On April 30, 1789, George Washington was sworn in as the United States’ first President on the balcony of Federal Hall on Wall Street. A week prior, Congress had decided to administer the Oath in public view, “to the end that…the greatest number of people of the United States, and without distinction, may witness the solemnity.” Those first crowds of spectators were comprised of local New Yorkers who came to do just that—celebrate Washington’s election and witness him taking the Oath of Office.

Washington taking the Oath of Office in 1789, on the site of the present Treasury Building, Wall Street, New York City. Courtesy New York Public Library.

Though in 1789 the Lower East Side was not yet the immigrant hotbed it would become, it was a burgeoning neighborhood. Residents of the Lower East Side, as well as other lower Manhattan neighborhoods, were integral in legitimizing the Inauguration ceremony and, in turn, the new democratic government it represented.
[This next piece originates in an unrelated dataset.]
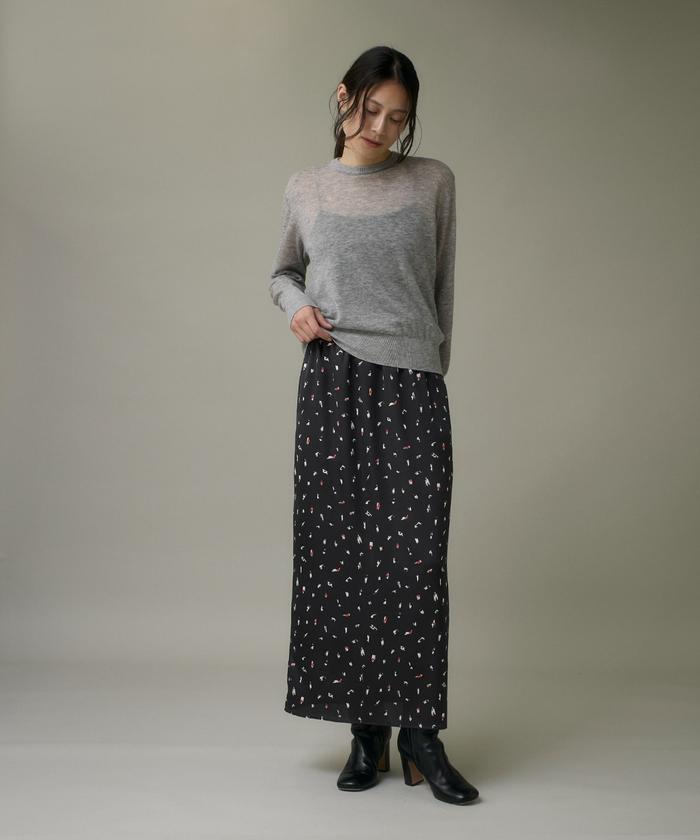 イッツインターナショナル I.T.'S. international クルーネックニットプルオーバー《Melty air wool》 （ピンク1） ピンク1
In much the same way as President Obama this week, President Washington spoke directly to the people in his Inaugural Address, stating, “Since the preservation of the sacred fire of liberty and the destiny of the republican model of government are justly considered, perhaps, as deeply, as finally, staked on the experiment entrusted to the hands of the American people.”

In his 1878 American history chronicle, Our country: a household history for all readers, Benson John Lossing recounted Washington’s face-to-face moments with voters at receptions that followed his swearing in: “As visitors came in, they were introduced to him [George Washington] by Colonel Humphreys, who was master of ceremonies, when they were arranged in a circle around the room. At a quarter-past three o’clock the door was closed, when the company for the day was completed. The President then began on the right, and spoke to each visitor, calling him by name, and addressing a few words to him. When he had completed the circuit, he resumed his first position, when the visitors approached him, bowed and retired.”

As the man who is believed to have coined the term “Empire State,” Washington always had a deep connection with New York City. After all, once sworn in, he became a New Yorker himself, moving into a single family home with wife Martha on Cherry Street, mere blocks from the Lower East Side.

George Washington's house on Cherry Street, New York City. Courtesy New York Public Library.